Is it just me or is the proof given in https://en.wikipedia.org/wiki/Ostrowski%27s_theorem flawed?
in particular, they claim that for some integers [math]a,b\gt 1[/math] and some norm, which I will just label
[math]\left|\cdot\right|_\mathcal{A}[/math] on [math]\mathbb{Q}[/math] we get the following if expanding [math]b^n[/math] in base a:
[eqn]\left|b^n\right|_\mathcal{A} = \left|\sum_{j\lt m} c_j a^j\right|_\mathcal{A}\le a m \max(1,\left|a\right|_\mathcal{A}^{m-1})[/eqn]
however, the way i see it:
[eqn]\left|b^n\right|_\mathcal{A} = \left|\sum_{j\lt m} c_j a^j\right|_\mathcal{A}\le \sum_{j\lt m}\left| c_j \right|_\mathcal{A}\left|a\right|_\mathcal{A}^j\le m\left| a-1 \right|_\mathcal{A}\max(\left|a\right|_\mathcal{A}^{m-1},1)[/eqn]
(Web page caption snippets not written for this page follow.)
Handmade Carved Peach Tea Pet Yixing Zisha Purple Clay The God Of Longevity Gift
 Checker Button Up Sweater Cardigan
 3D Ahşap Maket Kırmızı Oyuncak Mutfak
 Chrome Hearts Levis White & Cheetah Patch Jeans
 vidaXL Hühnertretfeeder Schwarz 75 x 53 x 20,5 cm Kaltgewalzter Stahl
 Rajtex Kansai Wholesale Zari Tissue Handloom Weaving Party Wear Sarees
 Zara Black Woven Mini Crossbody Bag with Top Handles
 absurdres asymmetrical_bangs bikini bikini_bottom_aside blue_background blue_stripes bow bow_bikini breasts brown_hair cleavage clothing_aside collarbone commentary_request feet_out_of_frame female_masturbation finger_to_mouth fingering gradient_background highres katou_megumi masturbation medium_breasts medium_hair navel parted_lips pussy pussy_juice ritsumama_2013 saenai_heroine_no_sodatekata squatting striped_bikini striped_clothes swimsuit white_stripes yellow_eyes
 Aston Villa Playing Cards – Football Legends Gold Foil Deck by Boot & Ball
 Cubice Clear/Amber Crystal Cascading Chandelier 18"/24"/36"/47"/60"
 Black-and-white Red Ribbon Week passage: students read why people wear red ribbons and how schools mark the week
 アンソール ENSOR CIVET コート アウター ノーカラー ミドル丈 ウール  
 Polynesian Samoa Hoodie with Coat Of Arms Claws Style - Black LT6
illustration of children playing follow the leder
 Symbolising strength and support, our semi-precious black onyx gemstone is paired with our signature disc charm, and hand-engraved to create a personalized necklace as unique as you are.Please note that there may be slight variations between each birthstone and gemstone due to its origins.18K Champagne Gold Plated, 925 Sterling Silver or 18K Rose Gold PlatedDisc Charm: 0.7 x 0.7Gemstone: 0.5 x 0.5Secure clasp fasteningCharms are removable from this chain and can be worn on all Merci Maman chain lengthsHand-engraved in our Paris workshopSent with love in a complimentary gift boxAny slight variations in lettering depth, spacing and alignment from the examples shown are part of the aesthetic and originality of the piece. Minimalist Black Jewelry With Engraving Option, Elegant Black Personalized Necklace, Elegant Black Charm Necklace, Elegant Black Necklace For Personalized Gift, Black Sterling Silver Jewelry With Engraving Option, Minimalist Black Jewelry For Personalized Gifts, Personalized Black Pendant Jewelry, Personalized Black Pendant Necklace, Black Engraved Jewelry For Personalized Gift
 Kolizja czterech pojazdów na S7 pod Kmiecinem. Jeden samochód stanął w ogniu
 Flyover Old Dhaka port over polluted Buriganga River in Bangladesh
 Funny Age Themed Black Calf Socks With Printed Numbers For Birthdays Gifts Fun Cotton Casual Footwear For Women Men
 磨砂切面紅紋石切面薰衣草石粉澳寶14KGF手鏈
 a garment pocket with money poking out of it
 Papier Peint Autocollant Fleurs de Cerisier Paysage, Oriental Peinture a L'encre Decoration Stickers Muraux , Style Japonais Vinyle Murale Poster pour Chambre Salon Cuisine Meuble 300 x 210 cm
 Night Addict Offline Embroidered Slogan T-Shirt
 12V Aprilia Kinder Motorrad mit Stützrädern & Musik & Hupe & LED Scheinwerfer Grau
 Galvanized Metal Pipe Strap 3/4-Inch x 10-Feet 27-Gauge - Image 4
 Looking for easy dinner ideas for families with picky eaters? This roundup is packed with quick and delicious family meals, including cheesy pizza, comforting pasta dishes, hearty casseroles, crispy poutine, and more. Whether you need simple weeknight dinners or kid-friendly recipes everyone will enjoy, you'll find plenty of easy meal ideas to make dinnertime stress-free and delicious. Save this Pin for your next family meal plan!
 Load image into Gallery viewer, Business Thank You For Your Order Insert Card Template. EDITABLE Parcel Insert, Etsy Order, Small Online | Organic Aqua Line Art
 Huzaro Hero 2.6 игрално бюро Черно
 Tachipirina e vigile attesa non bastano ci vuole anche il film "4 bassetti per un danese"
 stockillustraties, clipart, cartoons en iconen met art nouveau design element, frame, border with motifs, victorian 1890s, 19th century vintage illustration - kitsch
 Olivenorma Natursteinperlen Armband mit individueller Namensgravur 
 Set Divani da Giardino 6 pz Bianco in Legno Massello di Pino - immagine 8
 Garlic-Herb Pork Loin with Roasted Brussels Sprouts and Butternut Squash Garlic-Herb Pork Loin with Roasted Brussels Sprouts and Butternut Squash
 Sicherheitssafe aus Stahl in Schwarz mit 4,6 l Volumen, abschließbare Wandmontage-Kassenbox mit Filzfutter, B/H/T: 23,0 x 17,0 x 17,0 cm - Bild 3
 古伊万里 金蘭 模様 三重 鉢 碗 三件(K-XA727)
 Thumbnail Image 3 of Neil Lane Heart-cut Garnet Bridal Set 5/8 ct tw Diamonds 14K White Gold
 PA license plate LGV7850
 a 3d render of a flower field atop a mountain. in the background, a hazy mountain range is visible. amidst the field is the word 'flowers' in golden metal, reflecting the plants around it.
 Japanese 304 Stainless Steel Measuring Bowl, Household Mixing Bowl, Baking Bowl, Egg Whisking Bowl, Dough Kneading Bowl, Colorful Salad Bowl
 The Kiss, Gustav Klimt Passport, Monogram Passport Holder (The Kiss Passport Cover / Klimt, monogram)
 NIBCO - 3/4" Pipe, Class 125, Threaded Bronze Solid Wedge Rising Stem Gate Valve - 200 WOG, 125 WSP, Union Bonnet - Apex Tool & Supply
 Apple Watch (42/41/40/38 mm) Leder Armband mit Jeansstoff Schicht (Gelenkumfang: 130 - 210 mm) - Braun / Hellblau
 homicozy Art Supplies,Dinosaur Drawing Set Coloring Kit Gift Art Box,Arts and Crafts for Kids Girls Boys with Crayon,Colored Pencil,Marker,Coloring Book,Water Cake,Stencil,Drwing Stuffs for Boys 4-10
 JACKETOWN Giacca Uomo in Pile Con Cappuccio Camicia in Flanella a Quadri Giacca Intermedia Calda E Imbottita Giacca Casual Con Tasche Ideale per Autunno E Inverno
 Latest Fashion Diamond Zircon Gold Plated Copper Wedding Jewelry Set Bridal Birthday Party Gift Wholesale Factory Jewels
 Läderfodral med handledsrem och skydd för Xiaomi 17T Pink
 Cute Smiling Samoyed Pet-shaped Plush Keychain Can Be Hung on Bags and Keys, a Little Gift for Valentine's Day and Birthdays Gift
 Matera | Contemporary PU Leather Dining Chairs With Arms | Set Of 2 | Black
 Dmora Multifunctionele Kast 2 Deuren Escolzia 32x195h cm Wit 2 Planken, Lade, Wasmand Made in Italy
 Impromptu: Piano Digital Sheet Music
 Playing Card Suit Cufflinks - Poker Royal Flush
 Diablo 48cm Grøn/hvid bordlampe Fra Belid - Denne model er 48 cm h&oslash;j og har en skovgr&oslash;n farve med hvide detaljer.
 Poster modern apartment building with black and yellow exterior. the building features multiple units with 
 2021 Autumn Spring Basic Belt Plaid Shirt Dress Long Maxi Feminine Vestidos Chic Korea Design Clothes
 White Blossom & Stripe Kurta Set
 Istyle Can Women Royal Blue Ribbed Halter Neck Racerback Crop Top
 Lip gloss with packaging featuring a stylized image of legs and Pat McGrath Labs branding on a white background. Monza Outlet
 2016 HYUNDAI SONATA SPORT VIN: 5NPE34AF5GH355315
because [math]c_j \lt a[/math] ! You can then continue [math]\left| a-1 \right|_\mathcal{A}\le a-1[/math]
Of course, that error does not change much of the proof because while you would have to correctly state
[eqn]\left|b\right|_\mathcal{A} \lt \sqrt[n]{ ma\max(\left|a\right|_\mathcal{A}^{m-1},1)}[/eqn]
Which, given [math] m\le n\log_a{(b)}+1[/math], would continue to yield for [math]n\rightarrow\infty[/math]
[eqn]\left|b\right|_\mathcal{A} \le\lim_{n\rightarrow\infty} \sqrt[n]{ (n\log_a{(b)}+1)a\max(\left|a\right|_\mathcal{A}^{m-1},1)} = \max(\left|a\right|_\mathcal{A}^{m-1},1)[/eqn]
But still, isn't it an error?